Motivation

With the continuously increasing number of datasets published in the Web of Data and form part of the Linked Open Data Cloud, it becomes more and more essential to identify resources that correspond to the same real world object in order to interlink web resources and set the basis for large-scale data integration. This requirement becomes apparent in a multitude of domains ranging from science (marine research, biology, astronomy, pharmacology) to semantic publishing and cultural domains. In this context, instance matching (also referred to as record linkage [16], duplicate detection [3] entity resolution [2], and object identification in the context of databases [18]) is of crucial importance.

It is though essential at this point to develop, along with instance and entity matching systems, benchmarks to determine the weak and strong points of those systems, as well as their overall quality in order to support users in deciding the system to use for their needs. Hence, well defined, and good quality benchmarks are important for comparing the performance of the developed instance matching systems.
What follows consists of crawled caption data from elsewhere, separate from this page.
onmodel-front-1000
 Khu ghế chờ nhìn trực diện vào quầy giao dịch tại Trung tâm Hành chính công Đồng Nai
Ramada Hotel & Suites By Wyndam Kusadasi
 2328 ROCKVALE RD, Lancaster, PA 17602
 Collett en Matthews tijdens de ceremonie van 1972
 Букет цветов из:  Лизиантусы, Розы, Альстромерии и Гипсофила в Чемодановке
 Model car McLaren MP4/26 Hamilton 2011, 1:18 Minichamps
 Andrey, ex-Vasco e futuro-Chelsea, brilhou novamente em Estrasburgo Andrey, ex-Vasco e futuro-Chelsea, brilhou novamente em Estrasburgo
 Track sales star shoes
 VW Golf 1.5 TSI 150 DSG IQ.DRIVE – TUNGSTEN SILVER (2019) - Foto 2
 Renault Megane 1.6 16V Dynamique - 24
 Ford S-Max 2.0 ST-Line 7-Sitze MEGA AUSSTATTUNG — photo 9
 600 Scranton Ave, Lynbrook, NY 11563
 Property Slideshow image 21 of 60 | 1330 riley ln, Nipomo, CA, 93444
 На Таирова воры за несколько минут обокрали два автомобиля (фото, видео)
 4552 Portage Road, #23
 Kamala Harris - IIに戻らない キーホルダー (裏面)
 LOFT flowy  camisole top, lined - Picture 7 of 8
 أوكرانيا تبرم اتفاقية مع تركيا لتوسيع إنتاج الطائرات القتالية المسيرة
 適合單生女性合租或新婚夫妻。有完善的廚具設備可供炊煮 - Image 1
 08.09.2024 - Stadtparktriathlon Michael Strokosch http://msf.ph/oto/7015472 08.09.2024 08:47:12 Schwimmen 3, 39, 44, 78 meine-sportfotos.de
In this tutorial we aim at:

  • discussing the state-of-the-art instance matching benchmarks
  • presenting the benchmark design principles
  • providing an analysis of the performance results of instance matching systems for the presented benchmarks
  • presenting the research directions that should be exploited for the creation of novel benchmarks to answer the needs of the Linked Data paradigm.



Detailed Description

In this tutorial we will present the instance matching benchmarks that have been developed for Semantic Web data. A benchmark is, generally speaking, a set of tests against which the performance of a system is measured. Benchmarks are used not only to inform users of the strengths and weaknesses of systems, but also to encourage the technology vendors to deal with the drawbacks of their systems and to ameliorate their performance and functionality.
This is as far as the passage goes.